This is an umbrella repository to provide reference of all open-source projects developed by LinkedIn Streaming team. Each project is tracked as a git submodule in this repository. Link to the github homepage of each project can be found in the README below.
git submodule update --init
git submodule update --init -- <relative path to submodule>
git submodule foreach 'git pull origin master'
Here is the list of projects and their description.
Burrow (https://github.com/linkedin/burrow)
Burrow is a monitoring companion for Apache Kafka that provides consumer lag checking as a service without the need for specifying thresholds. It monitors committed offsets for all consumers and calculates the status of those consumers on demand. An HTTP endpoint is provided to request status on demand, as well as provide other Kafka cluster information. There are also configurable notifiers that can send status out via email or HTTP calls to another service.
Kafka Monitor (https://github.com/linkedin/kafka-monitor)
Kafka Monitor is a framework to implement and execute long-running kafka system tests in a real cluster. It complements Kafka’s existing system tests by capturing potential bugs or regressions that are only likely to occur after prolonged period of time or with low probability. Moreover, it allows you to monitor Kafka cluster using end-to-end pipelines to obtain a number of derived vital stats such as end-to-end latency, service availability and message loss rate. You can easily deploy Kafka Monitor to test and monitor your Kafka cluster without requiring any change to your application.
Cruise Control (https://github.com/linkedin/cruise-control)

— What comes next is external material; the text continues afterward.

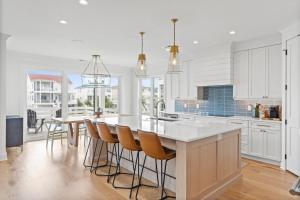 a kitchen with white cabinets and a table with chairs at 25 Cumberland - Canal front with dock, Custom home finishes in Ocean Isle Beach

Cruise Control is a product that helps run Apache Kafka clusters at large scale. Due to the popularity of Apache Kafka, many companies have bigger and bigger Kafka clusters. At LinkedIn, we have 1800+ Kafka brokers, which means broker deaths are an almost daily occurrence and balancing the workload of Kafka also becomes a big overhead. Kafka Cruise control addresses this operation scalability issue by tracking resource utilization in the cluster and automatically rebalance partitions across brokers if needed. It is highly customizable and user can specify rules to determine when and how partitions should reassigned across brokers.
li-apache-kafka-clients (https://github.com/linkedin/li-apache-kafka-clients)
li-apache-kafka-clients is a wrapper Kafka clients library built on top of vanilla Apache Kafka clients. It provides proprietary features such as large message support and auditing which are not available in vanilla Kafka clients.